サイスの弟子たち / The Novices of Sais Prize
18世紀ドイツのロマン主義作家ノヴァーリスに『サイスの弟子たち』という未完の小説がある。サイスは古代エジプトの町で、植物の再生を神格化したオシリス神が弟セトに殺されバラバラにされて葬られたと言われる土地だ。そんな町の名を関した小説で、ノヴァーリスは自然とは何かを問う。「精神の色彩がひとつに溶けあうにつれ、個々の自然物や現象も、みな、ますますひとつに溶けあい、ますます完全な、ますます人間的な姿をとって、この色彩のなかへと流れ込んでいく」と書き、オシリスがセトにバラバラにされてしまう前と同じように、人間が自然と一体となった状態を理想として描く。エシカルホテル「Mana Earthly Paradise」での体験は、ノヴァーリスが次のように描いたもに近いのではないかと、夢想する。「かの昔日の人びとには、万象が人間的で、なじみ深く、親しいものに思えたはずだし、かれらの眼には、それらの最も鮮やかな特性がそのまま映じたにちがいない」。

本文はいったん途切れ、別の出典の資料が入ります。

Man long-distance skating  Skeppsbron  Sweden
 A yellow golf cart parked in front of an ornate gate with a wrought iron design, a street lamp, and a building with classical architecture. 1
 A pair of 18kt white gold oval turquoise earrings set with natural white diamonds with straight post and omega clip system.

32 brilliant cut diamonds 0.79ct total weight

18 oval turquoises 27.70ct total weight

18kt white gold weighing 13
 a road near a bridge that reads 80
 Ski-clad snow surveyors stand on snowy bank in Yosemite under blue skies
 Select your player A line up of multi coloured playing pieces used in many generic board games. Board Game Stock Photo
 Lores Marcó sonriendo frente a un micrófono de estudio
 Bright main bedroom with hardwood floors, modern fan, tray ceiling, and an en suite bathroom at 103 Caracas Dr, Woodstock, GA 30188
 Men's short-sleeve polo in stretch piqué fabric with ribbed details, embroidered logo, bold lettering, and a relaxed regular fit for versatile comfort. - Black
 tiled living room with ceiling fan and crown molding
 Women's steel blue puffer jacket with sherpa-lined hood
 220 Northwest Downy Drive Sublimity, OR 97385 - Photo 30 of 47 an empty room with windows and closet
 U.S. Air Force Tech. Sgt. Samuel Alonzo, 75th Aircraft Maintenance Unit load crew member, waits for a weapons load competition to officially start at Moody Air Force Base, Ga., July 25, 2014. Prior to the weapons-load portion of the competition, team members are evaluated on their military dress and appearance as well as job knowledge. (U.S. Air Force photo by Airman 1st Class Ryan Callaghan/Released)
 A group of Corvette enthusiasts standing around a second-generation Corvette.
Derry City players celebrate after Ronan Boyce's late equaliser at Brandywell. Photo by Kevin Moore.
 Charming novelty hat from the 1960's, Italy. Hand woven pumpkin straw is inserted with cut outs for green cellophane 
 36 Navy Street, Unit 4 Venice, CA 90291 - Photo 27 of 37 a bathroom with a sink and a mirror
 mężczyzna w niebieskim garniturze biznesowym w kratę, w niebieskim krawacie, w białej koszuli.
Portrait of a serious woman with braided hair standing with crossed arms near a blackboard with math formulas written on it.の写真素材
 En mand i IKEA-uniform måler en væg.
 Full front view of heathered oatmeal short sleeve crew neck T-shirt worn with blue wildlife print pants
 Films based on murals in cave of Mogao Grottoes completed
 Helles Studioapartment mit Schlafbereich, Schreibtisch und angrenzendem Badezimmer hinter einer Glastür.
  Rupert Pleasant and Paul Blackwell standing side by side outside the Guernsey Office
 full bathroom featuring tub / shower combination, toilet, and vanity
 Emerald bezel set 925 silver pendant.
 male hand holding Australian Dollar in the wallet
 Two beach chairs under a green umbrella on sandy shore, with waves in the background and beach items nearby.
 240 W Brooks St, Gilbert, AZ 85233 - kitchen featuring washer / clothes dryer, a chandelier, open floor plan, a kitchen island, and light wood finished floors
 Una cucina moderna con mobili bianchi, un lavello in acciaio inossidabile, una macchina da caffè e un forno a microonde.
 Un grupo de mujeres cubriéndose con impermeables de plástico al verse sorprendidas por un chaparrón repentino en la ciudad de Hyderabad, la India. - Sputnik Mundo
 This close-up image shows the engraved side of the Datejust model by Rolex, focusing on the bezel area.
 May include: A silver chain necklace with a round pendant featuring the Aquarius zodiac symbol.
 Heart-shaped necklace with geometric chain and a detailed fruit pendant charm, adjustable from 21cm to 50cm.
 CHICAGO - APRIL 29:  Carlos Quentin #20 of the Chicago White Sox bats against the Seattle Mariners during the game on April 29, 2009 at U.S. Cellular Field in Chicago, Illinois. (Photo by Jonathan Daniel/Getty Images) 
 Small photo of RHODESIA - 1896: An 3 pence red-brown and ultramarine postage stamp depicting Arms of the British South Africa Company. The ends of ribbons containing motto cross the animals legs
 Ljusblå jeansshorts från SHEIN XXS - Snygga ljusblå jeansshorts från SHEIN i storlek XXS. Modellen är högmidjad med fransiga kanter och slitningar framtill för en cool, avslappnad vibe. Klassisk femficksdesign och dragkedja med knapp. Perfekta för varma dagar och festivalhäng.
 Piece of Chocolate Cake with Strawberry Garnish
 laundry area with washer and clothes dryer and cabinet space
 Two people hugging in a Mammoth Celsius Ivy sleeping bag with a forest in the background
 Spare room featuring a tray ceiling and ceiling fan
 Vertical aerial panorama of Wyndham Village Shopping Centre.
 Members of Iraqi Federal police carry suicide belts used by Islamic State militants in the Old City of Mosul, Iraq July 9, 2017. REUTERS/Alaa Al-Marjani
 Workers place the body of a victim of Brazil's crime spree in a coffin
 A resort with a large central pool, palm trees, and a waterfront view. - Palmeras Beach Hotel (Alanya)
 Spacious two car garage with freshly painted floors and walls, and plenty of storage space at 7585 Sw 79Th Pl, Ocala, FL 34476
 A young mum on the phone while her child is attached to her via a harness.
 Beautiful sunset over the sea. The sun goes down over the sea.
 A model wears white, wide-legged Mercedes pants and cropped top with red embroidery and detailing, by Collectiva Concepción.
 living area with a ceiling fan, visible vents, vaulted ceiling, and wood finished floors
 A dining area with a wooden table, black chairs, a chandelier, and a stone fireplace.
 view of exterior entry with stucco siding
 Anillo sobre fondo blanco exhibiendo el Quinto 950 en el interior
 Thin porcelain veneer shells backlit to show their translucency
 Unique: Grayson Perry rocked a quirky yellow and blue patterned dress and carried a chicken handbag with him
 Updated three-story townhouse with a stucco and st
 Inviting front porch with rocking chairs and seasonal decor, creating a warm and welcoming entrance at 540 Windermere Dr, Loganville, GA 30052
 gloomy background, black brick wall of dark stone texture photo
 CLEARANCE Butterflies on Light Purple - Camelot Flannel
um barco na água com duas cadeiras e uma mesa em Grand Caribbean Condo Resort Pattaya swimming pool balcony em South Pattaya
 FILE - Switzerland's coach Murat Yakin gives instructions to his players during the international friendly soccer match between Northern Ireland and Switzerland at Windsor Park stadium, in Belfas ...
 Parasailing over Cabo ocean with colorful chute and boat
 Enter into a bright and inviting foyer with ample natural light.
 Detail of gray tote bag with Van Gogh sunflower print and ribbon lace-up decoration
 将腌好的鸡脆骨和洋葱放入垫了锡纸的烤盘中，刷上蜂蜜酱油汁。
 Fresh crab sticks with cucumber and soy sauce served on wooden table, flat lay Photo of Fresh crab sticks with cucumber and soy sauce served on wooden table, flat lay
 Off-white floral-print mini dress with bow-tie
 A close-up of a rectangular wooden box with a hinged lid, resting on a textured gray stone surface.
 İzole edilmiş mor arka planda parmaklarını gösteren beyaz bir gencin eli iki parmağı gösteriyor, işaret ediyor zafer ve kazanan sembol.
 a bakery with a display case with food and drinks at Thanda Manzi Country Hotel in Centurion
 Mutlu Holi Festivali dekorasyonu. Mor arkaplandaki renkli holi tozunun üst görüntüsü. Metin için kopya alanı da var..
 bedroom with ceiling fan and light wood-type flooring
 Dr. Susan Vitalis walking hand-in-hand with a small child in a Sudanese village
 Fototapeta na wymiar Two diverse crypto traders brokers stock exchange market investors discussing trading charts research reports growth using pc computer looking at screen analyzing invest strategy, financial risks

オイケイオス:環境―制作 / Oikeios Prize for Environmental Design
Combing manure treatment and sustainable farming as integrated circular agriculture system
Agriforward Co., Ltd.
小規模な養豚場の糞尿処理という問題を、施設の大規模変更という金銭面で現実的でない解ではなく、処理のプロセスをリデザインするという視点から、ソリューション的に解決し、水の浄化だけでなく、ポメロの果樹園での農薬・除草剤の削減にもつながるような循環型のしくみを構築している点が、サーキュラーデザインの事例として評価できる。また、解決にあたっては、PSBという微生物を用いたバイオテクノロジー、ポンプなどの制御にIoTベースのバルブコントローラーを用いるなど、異なる領域の新しい技術を積極的に用いたデザインになっていることも評価のポイント。
生命の網 / The Web of Life Prize
生分解性のバイオマテリアルを生産する新しい技術によって、ガリシアの伝統文化としてのバスケット織り工芸の衰退を防ぐという新旧融合がおもしろい。自然環境の持続可能性のために、伝統文化の持続可能性をあきらめるのではなく、前者の課題を解くために後者の知恵を活かすという視点。バスケット職人、デザイナー、科学者という異なる領域の人々が水産業を守るという観点でコラボレーションし、古く新しい解決策を導き出していることは、サーキュラーデザインを考える上での1つの示唆を与えてくれる。